Image-text web data:

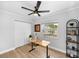 Home office includes a functional work space, a large window offering outdoor views, and ample storage solutions at 12804 Bert Pl, Tampa, FL 33625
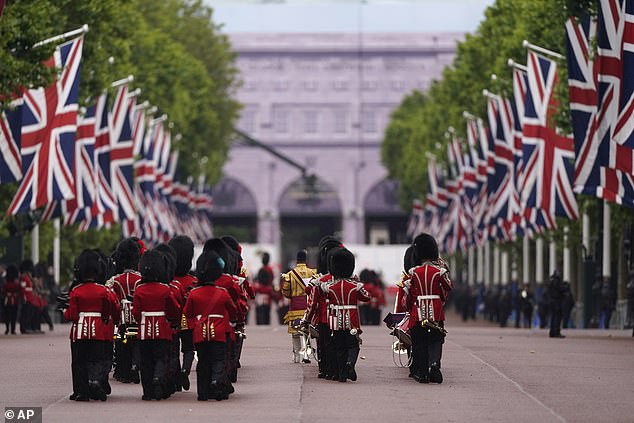 Members of the Irish Guards march along The Mall towards Horse Guards Parade today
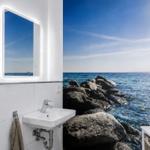 Badezimmer mit Meeresmotiv-Wand, Waschbecken und beleuchtetem Spiegel.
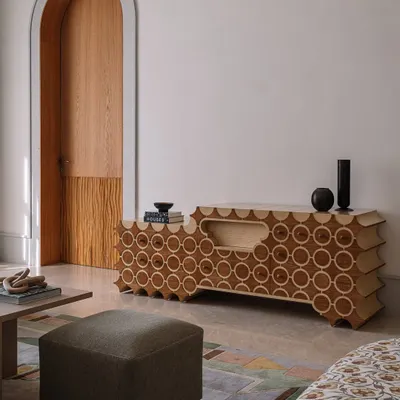 This is 'Brutus,' our handcrafted TV unit. The design features a repeating circular pattern inlaid into the wood, with a unique scalloped profile. It’s a piece that hides technology behind a beautiful, sculptural facade.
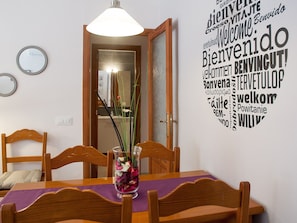 A dining area with a table, chairs, a vase with flowers, and a wall with a welcome sign in multiple languages.
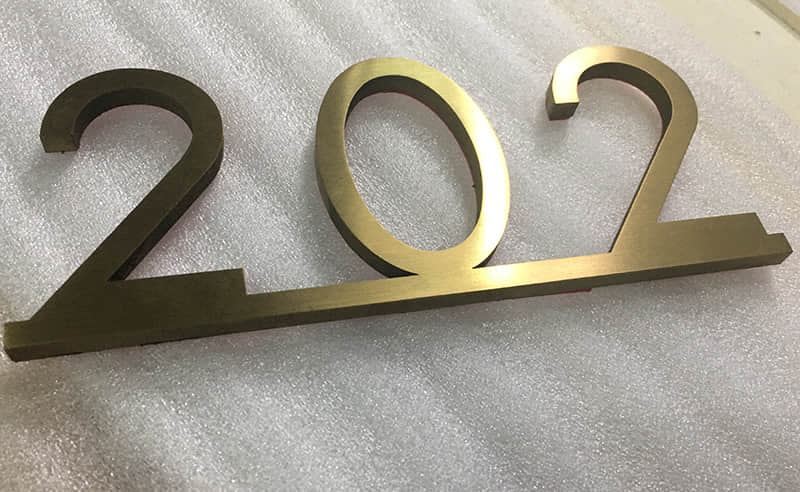 Electroplated solid stainless steel letters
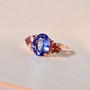 tanzanite and pink tourmaline three stone ring in 18k rose gold over sterling silver shown in a lifestyle photo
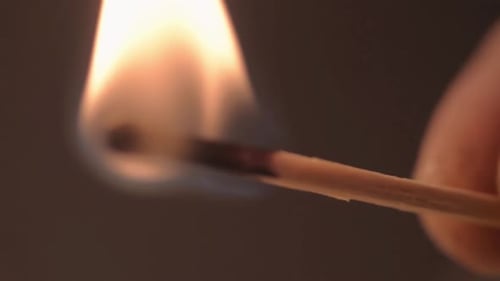 Burning Matchstick with Flickering Flame Close Up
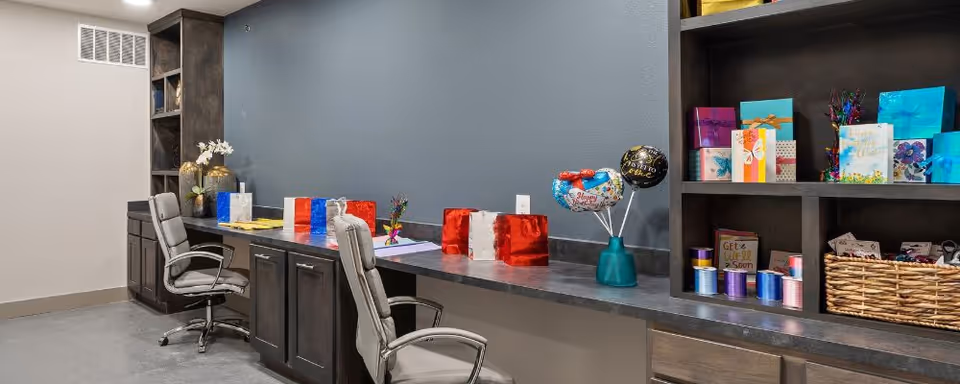 Long counter workspace with swivel chairs, built-in shelving and cabinets, and gift-wrapped packages and craft supplies against a blue-gray wall.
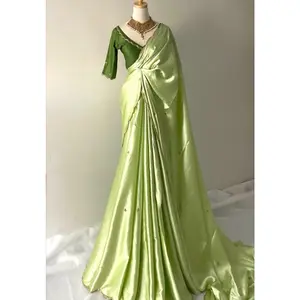 Silky Green Handwork Satin Saree Set Elegant satin saree in a rich silky green shade, beautifully detailed with delicate handwork. Soft, smooth, and flowy fabric that drapes perfectly. Comes with a matching blouse for a complete classy look. Perfect for p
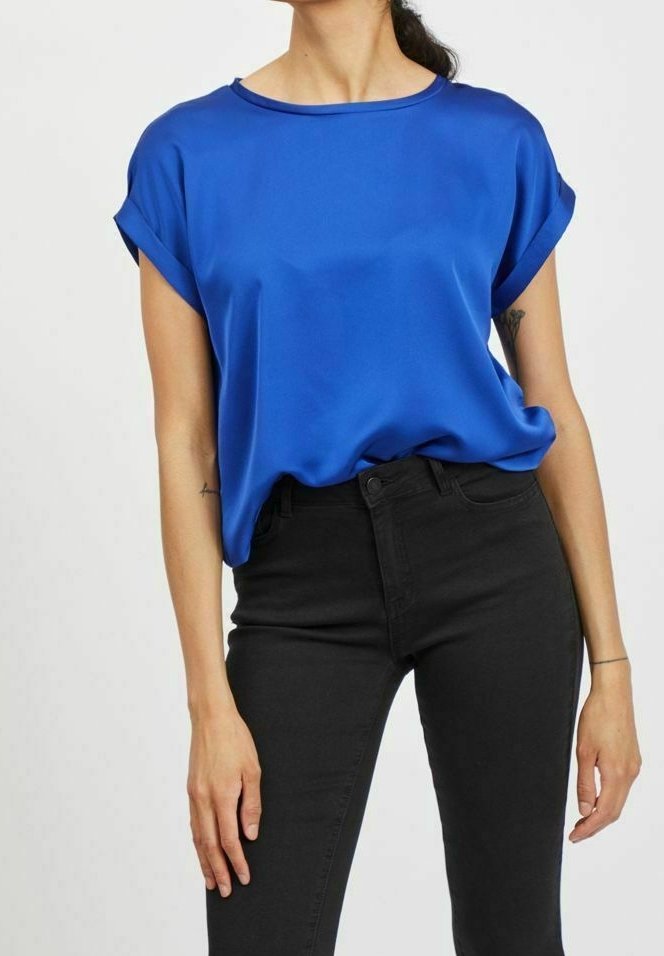 Kortärmad, rundhalsad topp i livfull blå satin, med en avslappnad passform och upprullade ärmar, kombinerad med åtsittande svarta jeans.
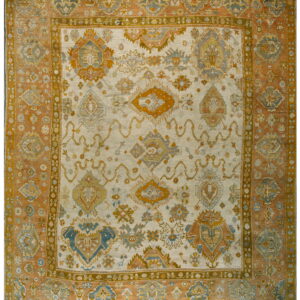 Low-pile rug with geometric patterns in cream, rust, gold, and muted blue tones.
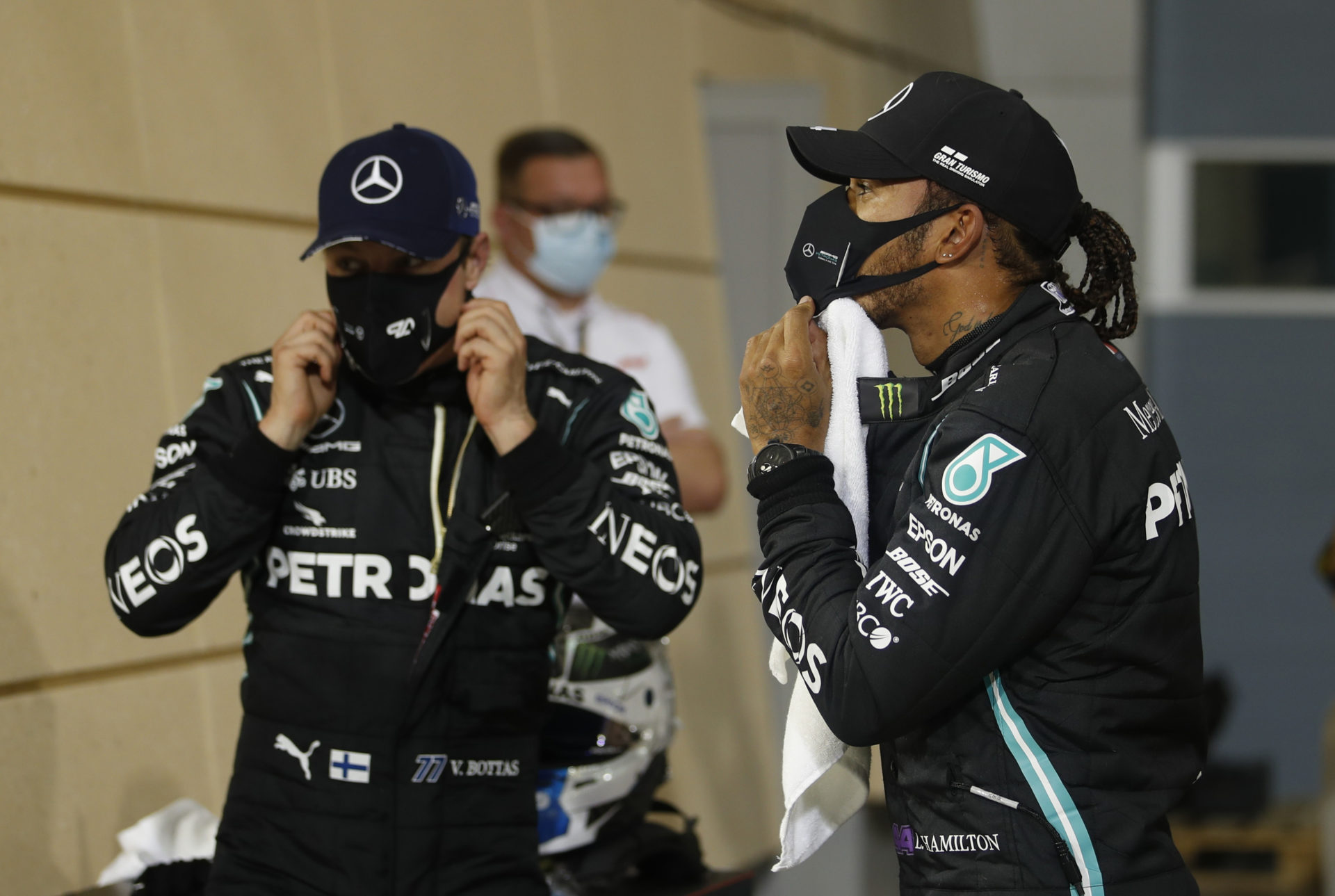 Mercedes drivers Valtteri Bottas and Lewis Hamilton after the Bahrain GP qualifying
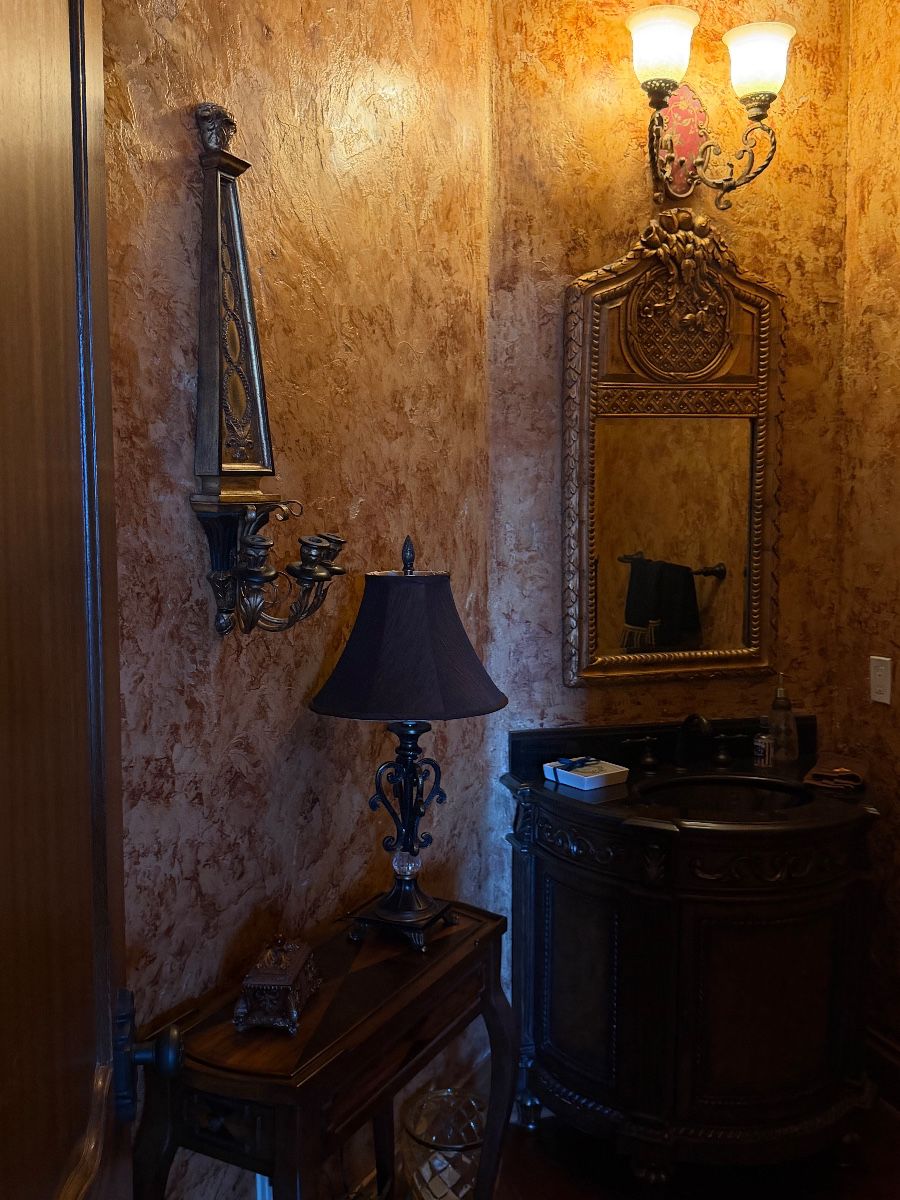 Luxury Vanity Set with Ornate Mirror, Wall Sconce, and Table Lamp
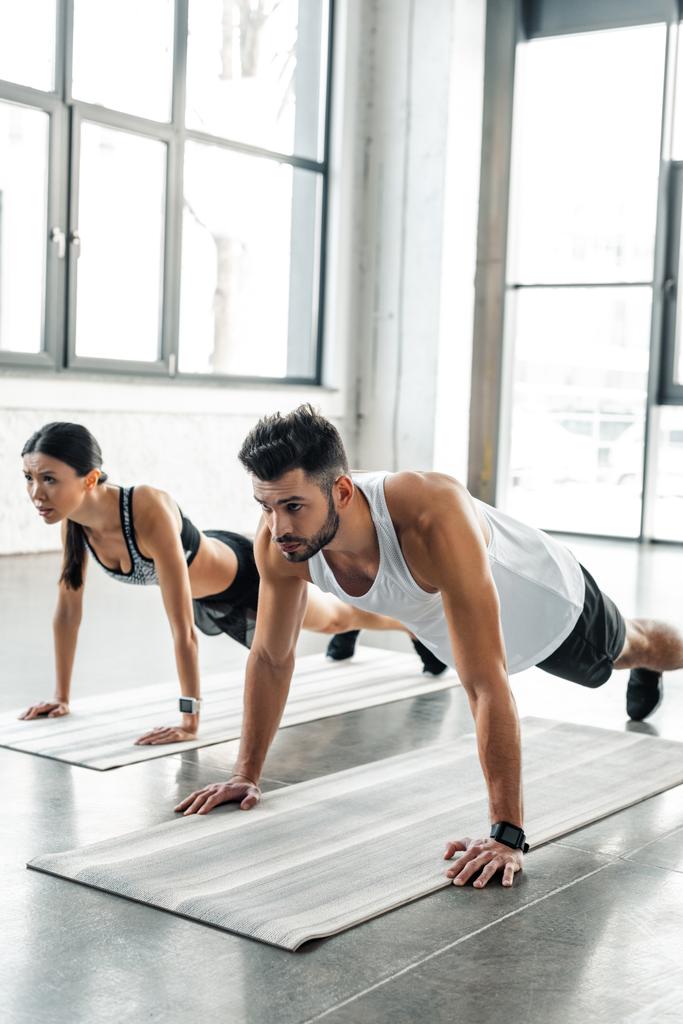 sportliches junges Paar in Sportbekleidung macht Liegestütze auf Yogamatten im Fitnessstudio  - Foto, Bild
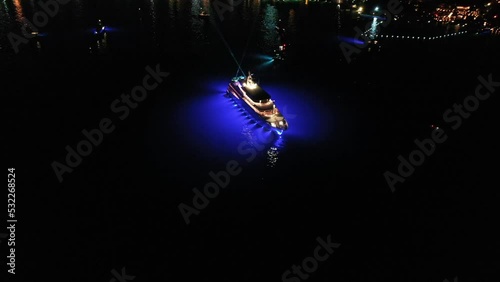 party at a luxury yacht at night, aerial view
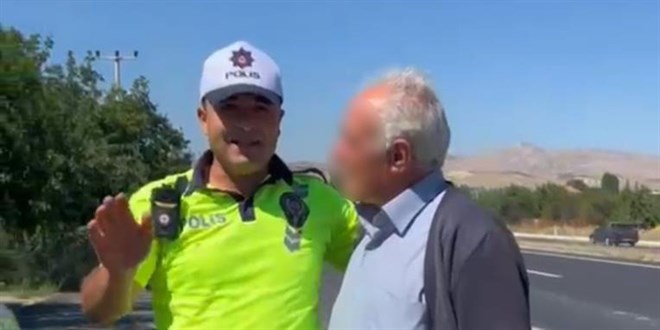 Ceza yememek i�in e�ini yolda indirdi, polisten 'evde bula��k y�kama cezas�' ald�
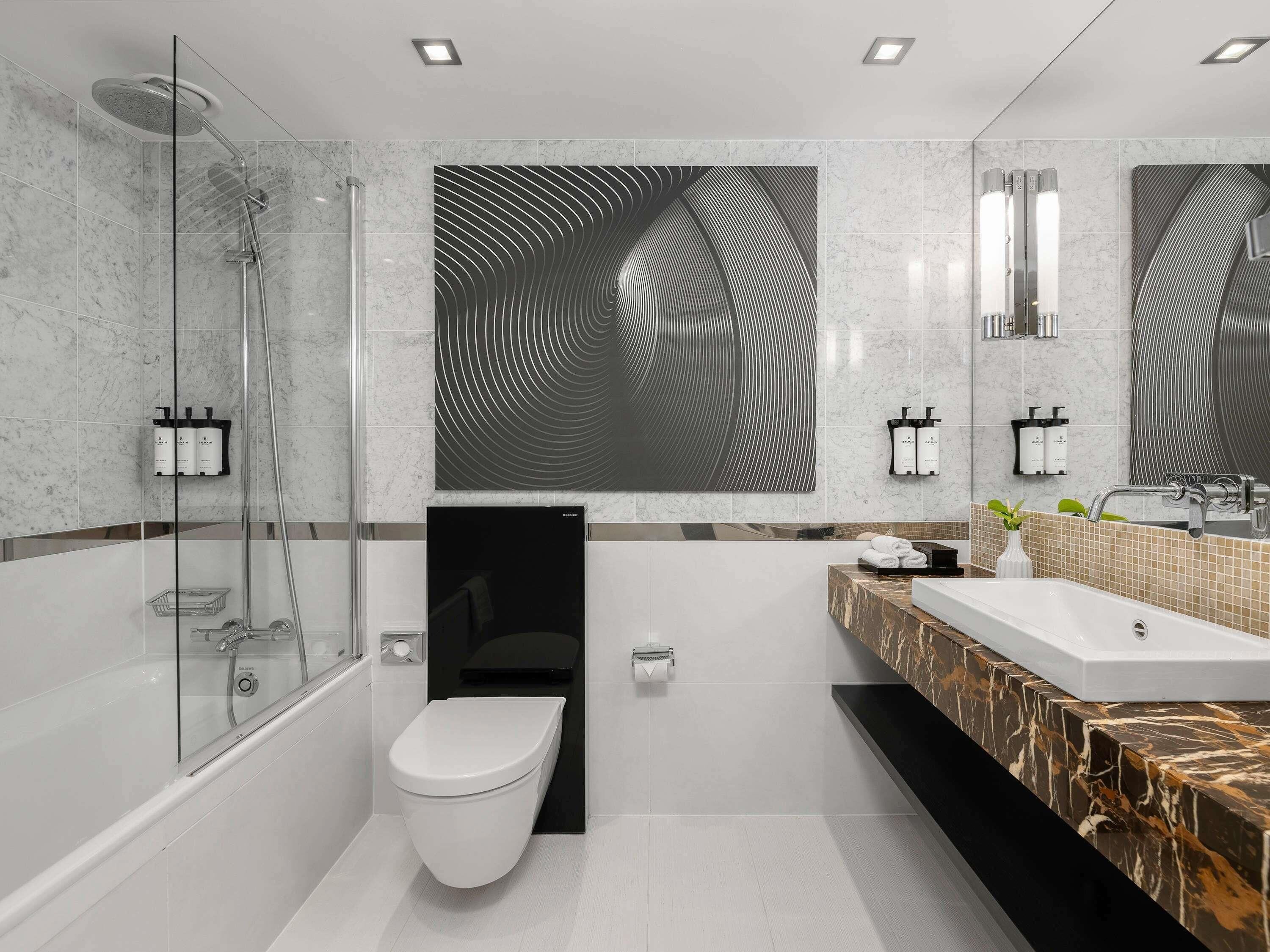 A modern bathroom with a glass shower enclosure, a toilet, a sink with a marble countertop, and a large mirror.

*EXERCISE DESCRIPTION:* Whatever lies between the first line of the data and the line holding "Electroplated solid stainless steel letters", inclusive, should be repeated exactly, apart from the pictures.

*EXPECTED ANSWER:*
 Home office includes a functional work space, a large window offering outdoor views, and ample storage solutions at 12804 Bert Pl, Tampa, FL 33625
 Members of the Irish Guards march along The Mall towards Horse Guards Parade today
 Badezimmer mit Meeresmotiv-Wand, Waschbecken und beleuchtetem Spiegel.
 This is 'Brutus,' our handcrafted TV unit. The design features a repeating circular pattern inlaid into the wood, with a unique scalloped profile. It’s a piece that hides technology behind a beautiful, sculptural facade.
 A dining area with a table, chairs, a vase with flowers, and a wall with a welcome sign in multiple languages.
 Electroplated solid stainless steel letters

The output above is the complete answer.